Diffusers documentation

Variance exploding, stochastic sampling from Karras et. al

You are viewing v0.16.0 version. A newer version v0.27.2 is available.
Hugging Face's logo
Join the Hugging Face community

and get access to the augmented documentation experience

to get started

Variance exploding, stochastic sampling from Karras et. al

Overview

Original paper can be found here.

KarrasVeScheduler

class diffusers.KarrasVeScheduler

< >

( sigma_min: float = 0.02 sigma_max: float = 100 s_noise: float = 1.007 s_churn: float = 80 s_min: float = 0.05 s_max: float = 50 )

Parameters

  • sigma_min (float) — minimum noise magnitude
  • sigma_max (float) — maximum noise magnitude
  • s_noise (float) — the amount of additional noise to counteract loss of detail during sampling. A reasonable range is [1.000, 1.011].
  • s_churn (float) — the parameter controlling the overall amount of stochasticity. A reasonable range is [0, 100].
  • s_min (float) — the start value of the sigma range where we add noise (enable stochasticity). A reasonable range is [0, 10].
  • s_max (float) — the end value of the sigma range where we add noise. A reasonable range is [0.2, 80].

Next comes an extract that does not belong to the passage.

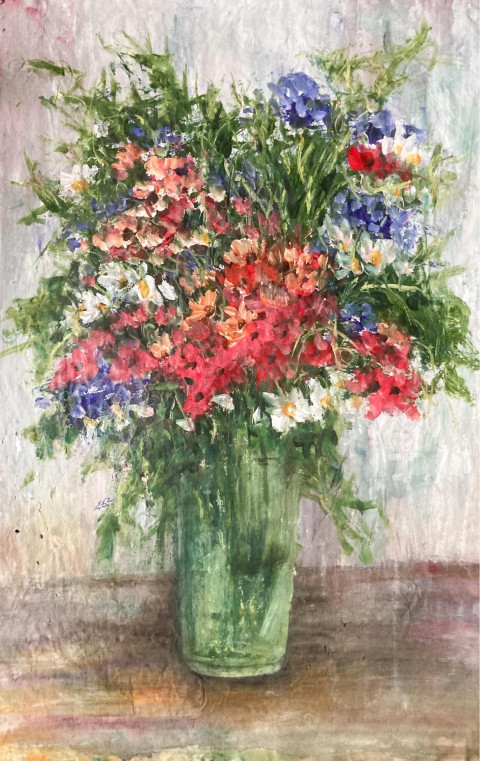 Colorful Vase Flowers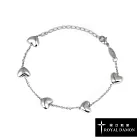 Royal Damon羅亞戴蒙 心窩 手鍊 小 BK698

Stochastic sampling from Karras et al. [1] tailored to the Variance-Expanding (VE) models [2]. Use Algorithm 2 and the VE column of Table 1 from [1] for reference.

[1] Karras, Tero, et al. “Elucidating the Design Space of Diffusion-Based Generative Models.” https://arxiv.org/abs/2206.00364 [2] Song, Yang, et al. “Score-based generative modeling through stochastic differential equations.” https://arxiv.org/abs/2011.13456

~ConfigMixin takes care of storing all config attributes that are passed in the scheduler’s __init__ function, such as num_train_timesteps. They can be accessed via scheduler.config.num_train_timesteps. SchedulerMixin provides general loading and saving functionality via the SchedulerMixin.save_pretrained() and from_pretrained() functions.

For more details on the parameters, see the original paper’s Appendix E.: “Elucidating the Design Space of Diffusion-Based Generative Models.” https://arxiv.org/abs/2206.00364. The grid search values used to find the optimal {s_noise, s_churn, s_min, s_max} for a specific model are described in Table 5 of the paper.

add_noise_to_input

< >

( sample: FloatTensor sigma: float generator: typing.Optional[torch._C.Generator] = None )

Explicit Langevin-like “churn” step of adding noise to the sample according to a factor gamma_i ≥ 0 to reach a higher noise level sigma_hat = sigma_i + gamma_i*sigma_i.

TODO Args:

scale_model_input

< >

( sample: FloatTensor timestep: typing.Optional[int] = None ) torch.FloatTensor

Parameters

  • sample (torch.FloatTensor) — input sample
  • timestep (int, optional) — current timestep

Returns

torch.FloatTensor

scaled input sample

Ensures interchangeability with schedulers that need to scale the denoising model input depending on the current timestep.

set_timesteps

< >

( num_inference_steps: int device: typing.Union[str, torch.device] = None )

Parameters

  • num_inference_steps (int) — the number of diffusion steps used when generating samples with a pre-trained model.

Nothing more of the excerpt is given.